$F\subset\mathbb{R}$ such that every open cover of $F$ has a finite subcover $\Rightarrow F$ is closed and bounded

Question

I have proved the following statement and I would like to know if I have made any mistakes, thank you:

"$F\subset\mathbb{R}$ such that every open cover of $F$ has a finite subcover $\Rightarrow F$ is closed and bounded"

My proof:

$F$ is bounded: For $f\in F$ let $O_1(f)$ be an open interval centered in $f$ of radius $1$: then $\{O_1(f):f\in F\}$ is an open cover of $F$ which by hypothesis has a finite subcover $\{O_1(f_1),\dots, O_N(f_N):f_1,\dots, f_N\in F,\ 1\leq k\leq N\}$. Then if $f_{\max}=\max\{f_1,\dots,f_N\}$ and $f_{\min}=\min\{f_1,\dots,f_N\}$ we have that $f_{\min}-1\leq f\leq f_{\max}+1\ \forall f\in F$ so if we set $M:=\max\{|f_{\max}+1|,|f_{\min}-1|\}$ we have that $F\subseteq B_{M}(0)$ so $F$ is bounded, as desired.
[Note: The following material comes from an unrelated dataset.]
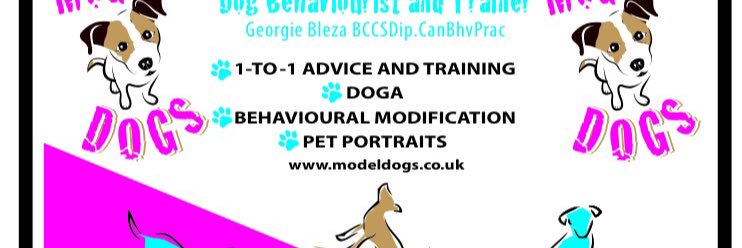 modeldogs's profile banner image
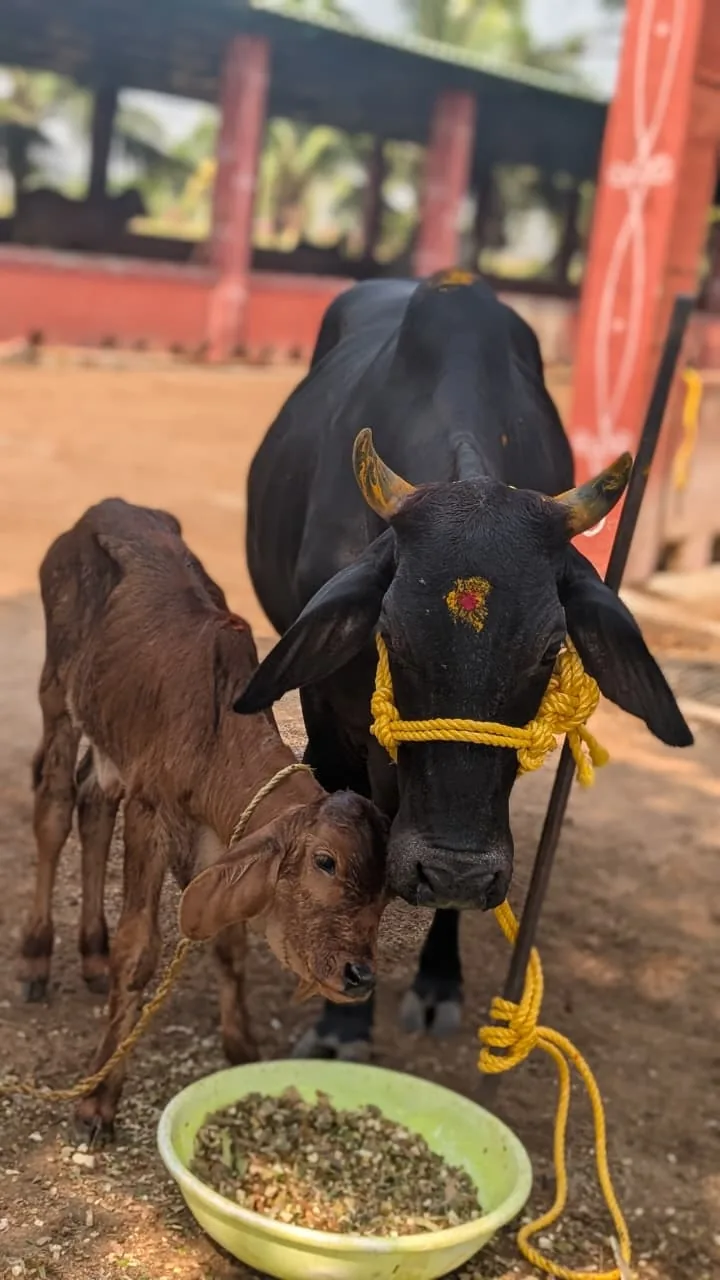 Gauri, a Deoni cow at Kāmya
$F$ is closed: Suppose for sake of contradiction $F$ is not closed: then there exists $\bar{x}$ limit point of $F$ such that $\bar{x}\notin F$ so $B_{\frac{1}{n}}(\bar{x})\cap F\neq\emptyset\ \forall n\geq 1$. Consider, for $n\geq 1$, the sets $U_{\frac{1}{n}}:=\{x\in\mathbb{R}: |x-\bar{x}|>\frac{1}{n}\}=(-\infty,\bar{x}-\frac{1}{n})\cup (\bar{x}+\frac{1}{n},+\infty)$, which are all open (since $U_{\frac{1}{n}}^c =[\bar{x}-\frac{1}{n},\bar{x}+\frac{1}{n}],\ n\geq 1$ is closed).

The collection $\{U_{\frac{1}{n}}:n\geq 1\}$ also contains all of $F$ in fact if $f\in F$ then:

• $f\notin B_{\frac{1}{n}}(\bar{x})\cap F,\ n\geq 1\Rightarrow$ either $f<\bar{x}-\frac{1}{n}$ or $f>\bar{x}+\frac{1}{n}$ i.e. $f\in U_{\frac{1}{n}}$;
• $f\in B_{\frac{1}{n}}(\bar{x})\cap F,\ n\geq 1\Rightarrow $ since $\frac{1}{n}\overset{n\to\infty}{\to}0$ there is some $n^*$ such that $f\notin B_{\frac{1}{n^*}}$ so either $f>\bar{x}+\frac{1}{n^*}$ or $f<\bar{x}-\frac{1}{n^*}$ thus $f\in U_{\frac{1}{n^*}}$

Thus $\{U_{\frac{1}{n}}:n\geq 1\}$ is really an open cover of $F$. By hypothesis this open cover admits a finite subcover $\{U_{\frac{1}{n}}:1\leq n\leq N\}$ but if $f\in B_{\frac{1}{N+1}}(\bar{x})\cap F$ then $f\notin \bigcup_{n=1}^{N}U_{\frac{1}{n}}$ so $\{U_{\frac{1}{n}}:1\leq n\leq N\}$ does not cover all of $F$, contradiction. Thus $F$ must be closed, as desired.

Answer 1

Your proof is correct, but the first part ($F$ bounded) is too complicated. Before I explain this point, let us note the condition "Every open cover of $F$ has a finite subcover" can be formulated for any topological space $F$ and says that $F$ is compact.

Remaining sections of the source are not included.